Historically the well was always considered to be:

  • the place of common ground
  • central to the community because water is essential to life
  • the woman’s place, where they gathered and chatted whilst they were waiting their turn to draw water
  • it was also a place of peace; warring tribes in the desert didn’t count “oasis” as part of a war zone

If we look to Christian tradition rooted in the Gospel passage John 4 (1-42)we meet the unnamed woman at the well:

  • in most traditions she would have been seen as an outcast - 5 times married and living with someone else. Using the well at noon, when the sun at its hottest, suggests that others wouldn’t let her use the well at the same time as them
  • as a Samaritan she would have been looked down upon by all Jews
  • as a woman she was looked down upon by the dominant male society
  • she must have been poor because rich women would have had servants to draw water for them

So, like the women this project aims to support, she was multiply disadvantaged and yet she is the first active apostle indicated in any of the Gospels.

How women@thewell came to be

women@thewell was a new initiative, developed by the Institute of Our Lady of Mercy (IOLM) to provide a uniquely holistic and multifaceted range of service to vulnerable women who are caught in multiple cycles of abuse and social exclusion. Although the concept of women@thewell was new, it was built on 10 years’ experience of its founder Sister Lynda Dearlove. Sr. Lynda had been working with such women in the East-End of London, the majority of whom were involved in street based prostitution, homelessness, drugs, alcohol, violence, physical and mental ill health. Throughout that time, through joint working, and consultation with the women Sister Lynda began to build up a clear picture of what was keeping them from making the changes that they would want / need to make in their lives to break out of the multiple cycles of chaos and abuse that they seemed to be locked into. One of the major contributing factors identified was the complexity of services (often referred to as “revolving doors”) - in which many people may be working with them on specialist issues, but nothing ever seems to come together at the right time so that they can get their lives sorted out, or every organisation that they approach sends them to another to have their needs met.

The Sisters of Mercy have a history founded in working with and for women in difficult and challenging situations.

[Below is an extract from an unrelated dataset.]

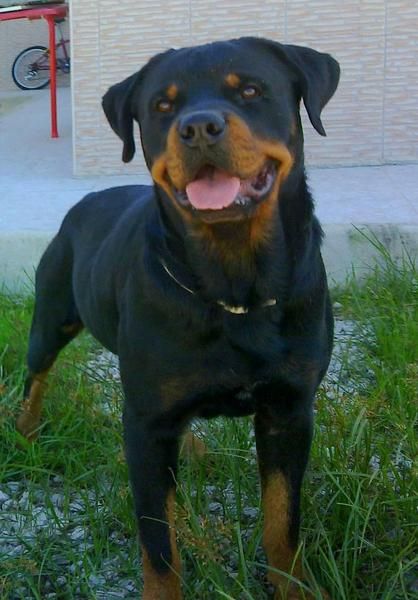 ROTTWEILER PARA MONTAS PEDEGRI DE CAMPEONES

While actively seeking projects with which to become involved, their own members’ experiences in the community highlighted the need for a new service dedicated to women. Recognising the difficulties faced by any group wishing to set up a new service, IOLM decided to fund the initial capital and revenue costs to get the project up and running. They undertook, to find a suitable property, refurbish it and set up a new independent self-funding Charity called women@thewell (w@w). They further undertook to fund w@w for its first three years. IOLM retains ownership of the building and responsibility for its external maintenance and leases the premises rent free to w@w.

The initial draft strategic plan for w@w was evolved, and from that both capital and revenue funding agreed in the summer of 2004. Trustees for the new charity were recruited and began meeting in January 2005, w@w was established as charitable company limited by guarantee, incorporated on 3rd January 2006 and registered as a charity on 29th March 2007. The Violet House Hotel was identified as a suitable building in February 2005. It then took 17 months wrangling with conservation and planners to get change of use and refurbishment of the building agreed with Camden council so that the keys were eventually handed over in July 2006. The official opening of the building took place on Sept 24 2007.